An intelligent multi-constraint finite capacity-based lot release system for semiconductor backend assembly environment

This paper presents an intelligent multi-constraint finite capacity-based lot release system which has been designed, developed and implemented to solve the lot release problems in a discrete manufacturing environment with huge product mix and multitude of capacity constraints. This system releases lots by firstly prioritising them according to a multi-attribute lot prioritization criteria, and then by applying predefined multiple capacity constraints to the sorted queue of lots. Finally the finite resource capacity is allocated to them sequentially. This system is designed to be adaptable and re-configurable in response to the dynamic changes in the manufacturing environment. The system can be configured to operate in both an automatic and manual lot release modes. When the system is triggered under the automatic lot release mode, it will perform lot releases automatically based on the latest lot orders information and the predefined configuration, parameters and capacity constraints. It facilitates the auto generation of lot release schedule during night shifts when the production control personnel is off duty, as the system can be triggered through scheduled task provided by the computer's operating system. The manual release mode is designed to cater for fine adaptation of the lot release schedule generated by the system through potential human intervention, through which, a user is allowed to adjust the lot release schedule, in response to some last minute urgent requests from the customers and unexpected events from the shop floor.
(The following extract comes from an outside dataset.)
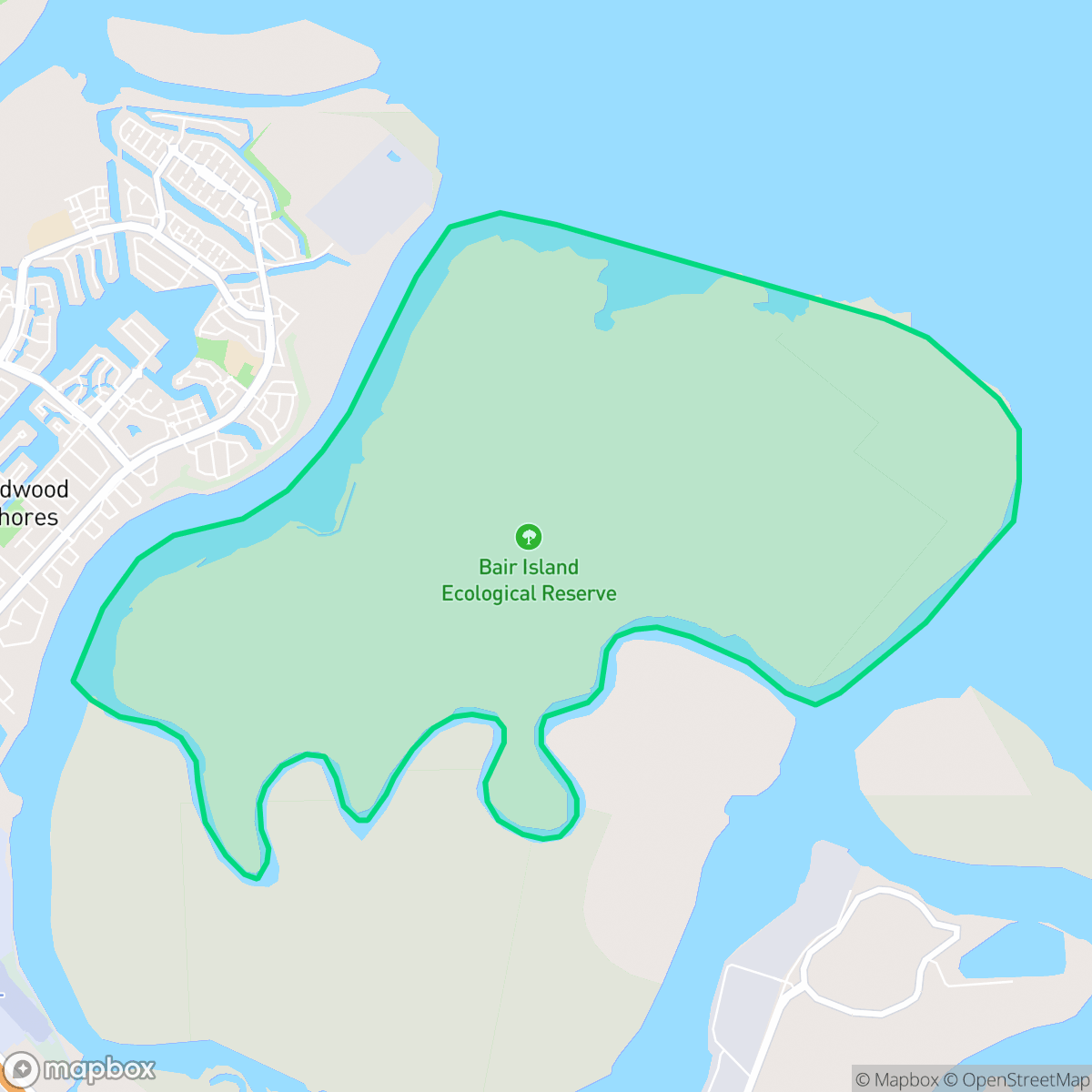 Map showing the location of Bair Island, Redwood City, CA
Detailed reporting tools that provide a snapshot of the lot release results controlled by the various capacity constraints are available for analysis and further refinement of the lot release schedule. This system has been successfully implemented in a few Semiconductor Backend Assembly companies, and in most of these implementations, with direct integration to their existing manufacturing systems such as the Enterprise Resource Planning (ERP) and Manufacturing Execution System (MES).